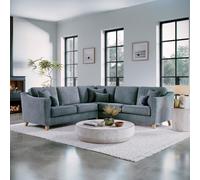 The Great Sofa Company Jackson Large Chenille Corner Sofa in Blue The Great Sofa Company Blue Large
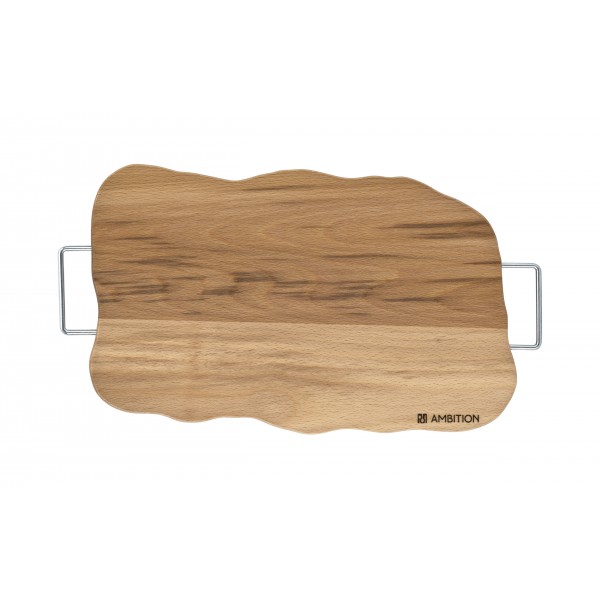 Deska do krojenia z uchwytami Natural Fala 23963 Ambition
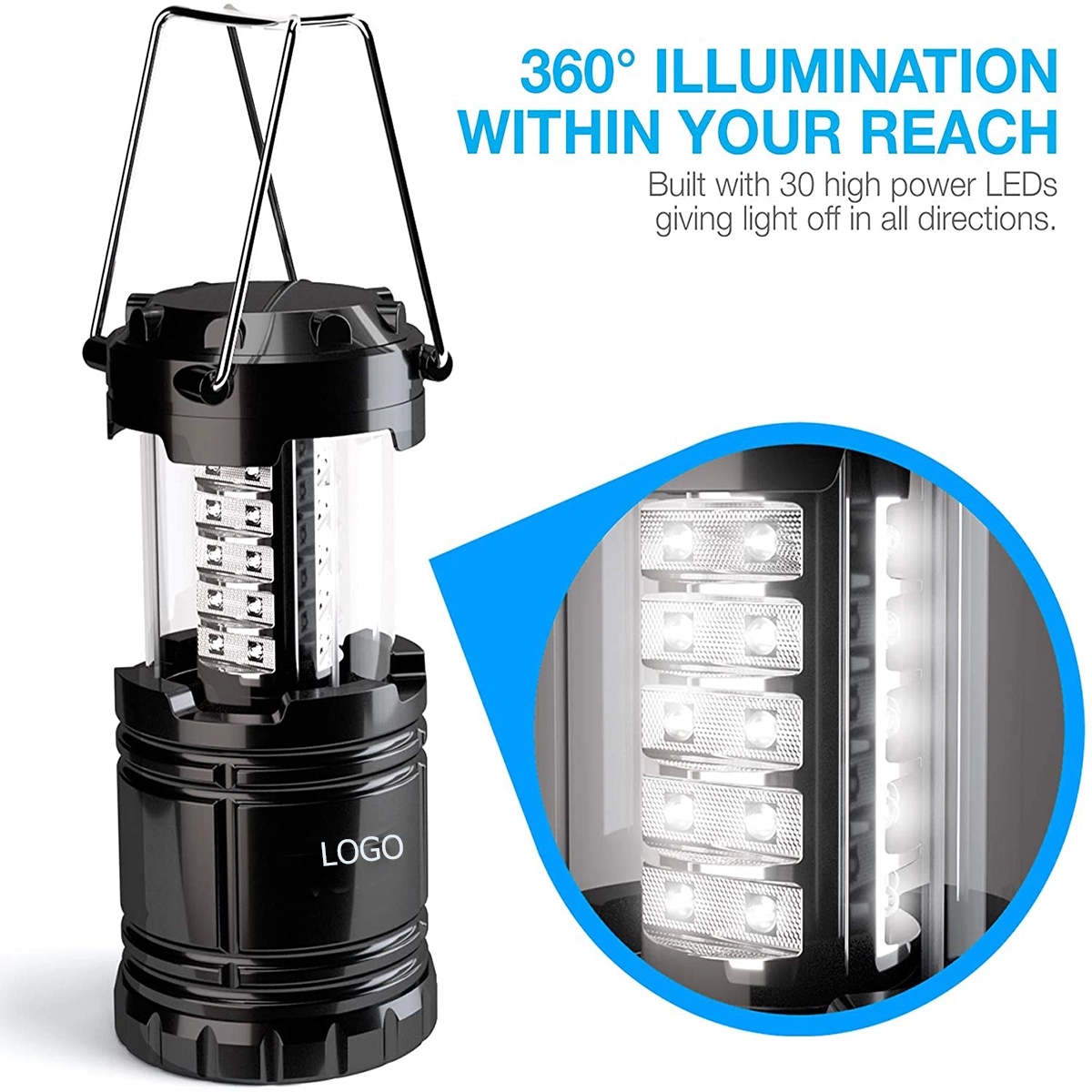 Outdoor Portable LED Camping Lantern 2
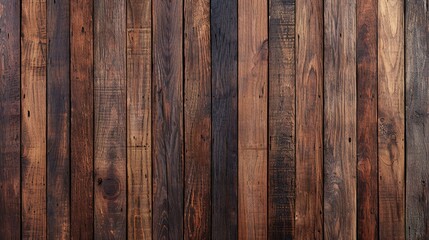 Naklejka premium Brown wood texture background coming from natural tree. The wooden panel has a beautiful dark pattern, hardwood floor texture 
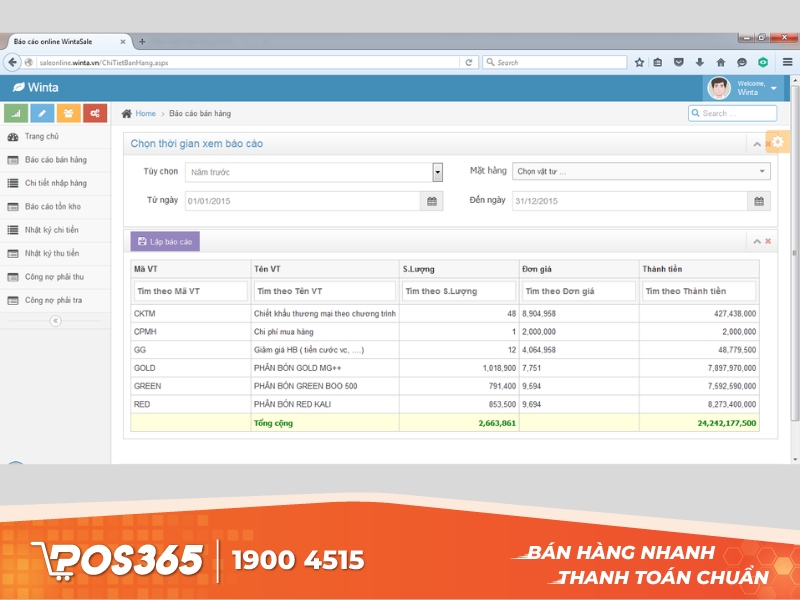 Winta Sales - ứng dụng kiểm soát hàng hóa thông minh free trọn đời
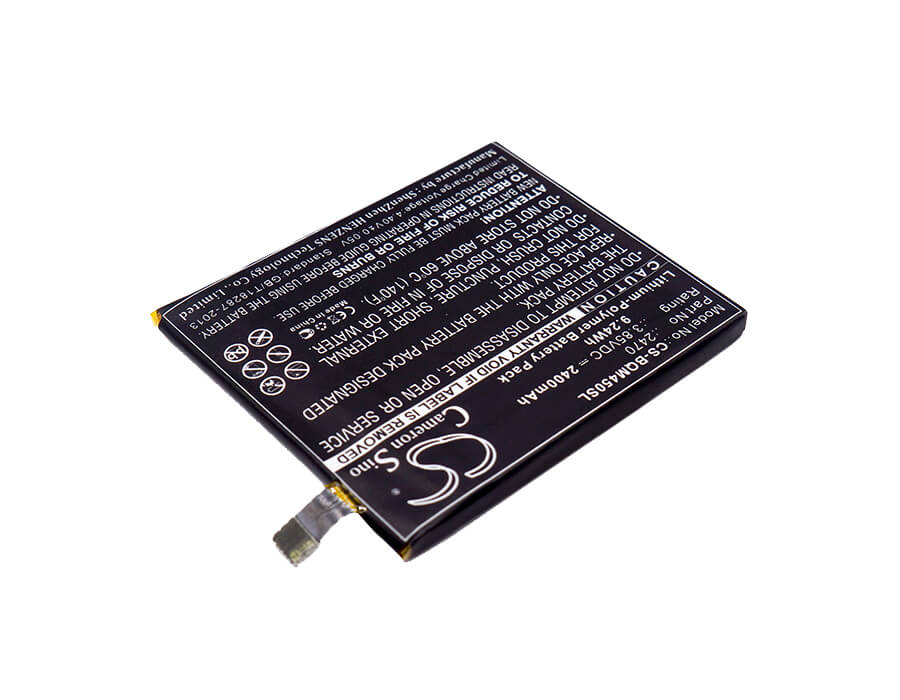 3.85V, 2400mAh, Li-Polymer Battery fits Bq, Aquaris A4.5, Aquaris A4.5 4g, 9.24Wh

★ ★ ★ ★

WHAT TO PRODUCE: Each line from the one containing "Outdoor Portable LED Camping Lantern 2" through the last line of the entries above is to be extracted exactly. Pictures are not part of the copy.

REPLY:
 Outdoor Portable LED Camping Lantern 2
 Naklejka premium Brown wood texture background coming from natural tree. The wooden panel has a beautiful dark pattern, hardwood floor texture 
 Winta Sales - ứng dụng kiểm soát hàng hóa thông minh free trọn đời
 3.85V, 2400mAh, Li-Polymer Battery fits Bq, Aquaris A4.5, Aquaris A4.5 4g, 9.24Wh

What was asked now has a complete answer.